This is the second truce signed by the warring factions since fighting in South Sudan broke out in mid-December, like the first it is proving to have a very short life.

The U.N. refugee agency reports that in barely three weeks, escalating fighting between the government and rebels has caused 46,000 more people to flee, bringing South Sudan's internally displaced to more than one million.

More than 20,000 people also fled to neighboring Ethiopia, Kenya, Sudan and Uganda, swelling the refugee numbers to 370,000. UNHCR spokesman Adrian Edwards says Ethiopia is hosting more than 131,000. Most are women and children.

“Recent arrivals say they have fled fighting in neighbouring Jonglei and Upper Nile states, particularly the areas around Mathiang in Longechuk County in Upper Nile State," said Edwards. "Those from other areas said they feared imminent attacks or food insecurity.”

Edwards says Ethiopia cannot keep up with the swarm of people arriving.
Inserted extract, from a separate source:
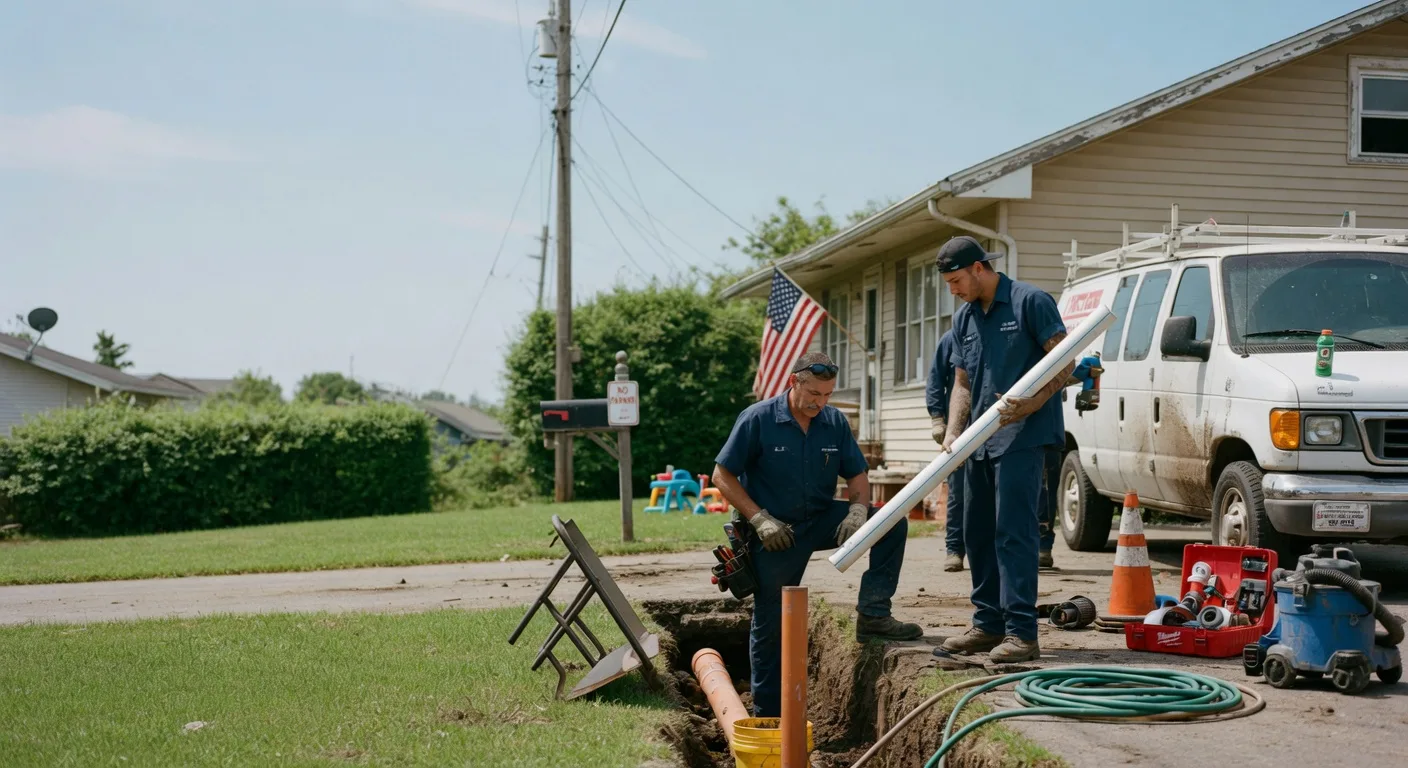 Drain Cleaning in Walters, OK near me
He says an average of 1,000 South Sudanese arrive each day and three refugee camps that opened this year are overflowing.  

He says the UNHCR and Ethiopian authorities are looking for land to erect a fourth camp.

The UNHCR also cares for some 320,000 refugees from Sudan who are sheltering in the Maban area of Upper Nile in South Sudan. It estimates some four million people face severe food shortages in the country. Because of the fighting, Edwards says many people are unable to farm, depriving them of normal food sources.

“We are worried about the food situation and the impact that might have on further displacement," he said. "But clearly, at the moment, the fundamental cause is insecurity. I think that is probably the most immediate of worries. That is not to downplay the food insecurity risk at all. But it is just to say, without better security the risks in all areas will continue to grow.”

Despite the fighting, the World Food Program reports it distributed food to more than one million people last month across South Sudan.

Looking ahead, the U.N. refugee agency says it fears many people will not be able to flee areas of conflict because the rainy season will make roads and river crossings impassable.